Ces objets de parure démontrent en même temps que, dans les idées égyptiennes, la déesse Hathôr présidait à la beauté et à la toilette ainsi que l’Aphrodite grecque et la Vénus des Romains ; et c’est ici le lieu de remarquer, en effet, que la plupart des colliers de femmes trouvés dans les tombeaux égyptiens, consistent en de très-petits amulettes de terre émaillée, d’émail pur, de porcelaine, de cornaline ou d’autres pierres dures, représentant d’un côté des animaux différents ou des fleurs en relief, et presque toujours de l’autre, la tête symbolique de la déesse Hathôr, gravée en creux et entourée d’uræus ou de feuillages diversifiés.

Les emblêmes de la déesse représentés sur la stèle que nous publions ici, sont très-multipliés dans les temples spécialement consacrés à Hathôr, tels que le grand temple de Dendéra, celui de Philæ, et les petits temples d’Ombos et du sud au Memnonium.

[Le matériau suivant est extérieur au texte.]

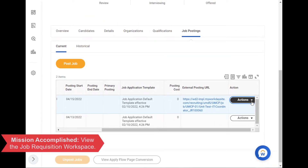That felt like a lot! Thanks for taking the time to learn more about viewing the Job Requisition workspace.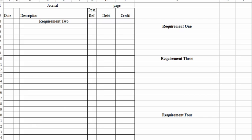Moving on to exercise 13-9 on page 767. Here we're dealing with some gift cards. This chapter covers a lot of different ways that current liabilities could come into the picture for a business. Circuit Town commenced a gift card program in January 2016 and sold $10,000 of gift cards in January, $15,000 in February, and $16,000 in March of 2016 before discontinuing further gift card sales.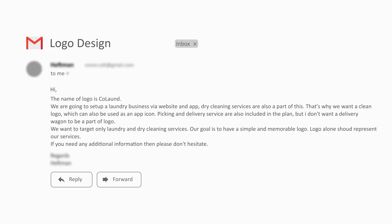The name of the logo is 'Laundre' and the client says that they are going to set up a laundry business via website and a mobile application. Dry cleaning services are also a part of this, so they want a clean logo that can also be used as an app icon. Picking and delivery services are included in the plan, but they don't want a delivery wagon to be part of the logo. The goal is to target laundry and dry cleaning services with a simple and memorable logo that alone represents their services.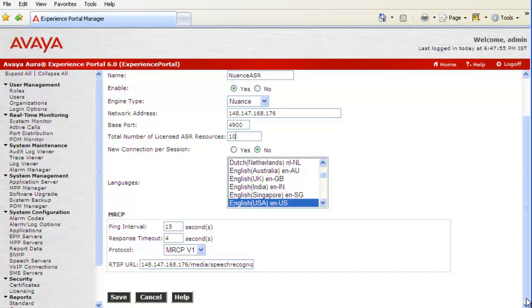Then, there is MRCP setting section where we can configure ping interval, response timeout, protocol version which can be MRCP v1 or v2. Then, RTSP URL is taken by default for the speech engine type we have configured.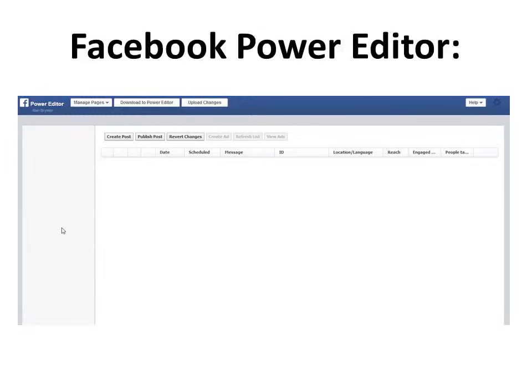Well, with Facebook's Power Editor, you can just press the Duplicate button to make an identical campaign that you make one or two changes to, and it's going to save you a ton of time making a bunch of different ads.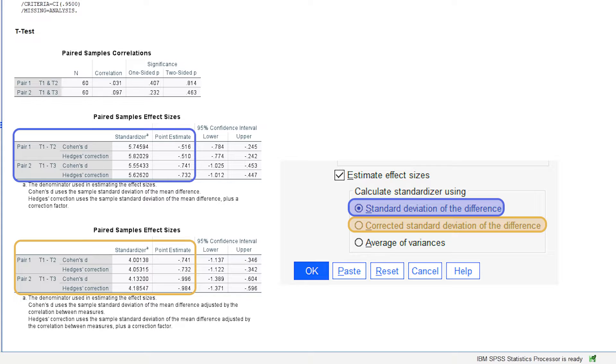As you can see in my example, the differences for Cohen's d or Hedges' correction of d can differ quite a bit of up to 0.25 depending on whether the correlation of the values is taken into account or not.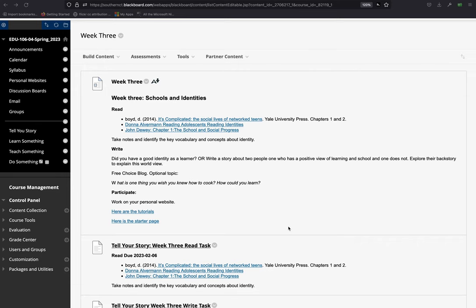Finally, we're going to read John Dewey's Chapter 1, The School and Social Progress, and thinking about what does it mean if we look at schools as a way and tool for advancing democracy and democratic ideals.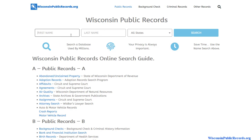So check it out and see if it's something of interest. With that said, visit wisconsinpublicrecords.org to get started on your free criminal background check in the state of Wisconsin. Thank you.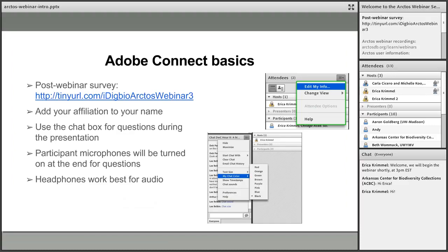If it's your first time in Adobe Connect, a few basics: you can list where you're coming from using the hamburger icon at the top of the attendees pod. You can also change the color of your chat text using the hamburger icon at the top of the chat box. Microphones are turned off right now for sound quality, but we can turn them on at the end for questions.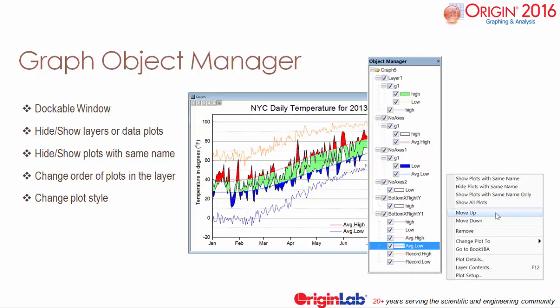A new stackable object manager gives users the ability to show and hide layers or plots individually, as well as those with the same name, and the ability to readily change plot styles and ordering.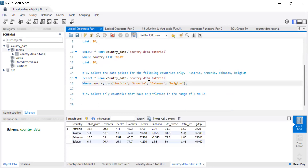IN works similarly to equals, but what makes it more convenient is that within IN you can state as many data points as you want. With equals, you'd have to write: WHERE country = 'Austria' AND country = 'Armenia' AND country = 'Bahamas'... and so on. IN lets you list them all at once in brackets, which is much cleaner.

C’est la première de ces têtes symboliques qui forme les chapiteaux des colonnes de tous ces édifices et des pilastres du temple du Memnonium[3], et les chapiteaux du petit appartement construit sur la plate forme du grand temple de Dendéra et dans lequel existait le zodiaque circulaire[4]. On la retrouve enfin dans les décorations des portes, des corniches, des entre-colonnements, et sur une foule de bas-reliefs : tantôt surmontée du disque et des cornes de vache, comme déesse nourricière, tantôt flanquée d’uræus ornés des coiffures qui expriment la domination sur les régions d’en haut et les régions d’en bas[5] ; et presque habituellement cette tête pose sur le caractère symbolique exprimant l’idée or et splendeur ; ce qui rappelle involontairement l’idée de la χρυσῆς Ἀφροδίτης (Veneris aureæ) d’Homère.


Notes
  1. Voyez la planche no 18.
  2. Voyez l’explication de la planche 17.
  3. Description de l’Égypte, A., vol. II, pl. 34, nos 7 et 8.
  4. Description de l’Égypte, A., vol. IV, pl. 11, nos 1 et 2.
  5. Description del’Égypte, A., vol. II, pl. 34 ; vol. IV, pl. 13, nos 1 et 3 ; pl. 15, pl. 17 ; pl. 22, no 1 ; pl. 25, nos 1 et 2, etc., etc.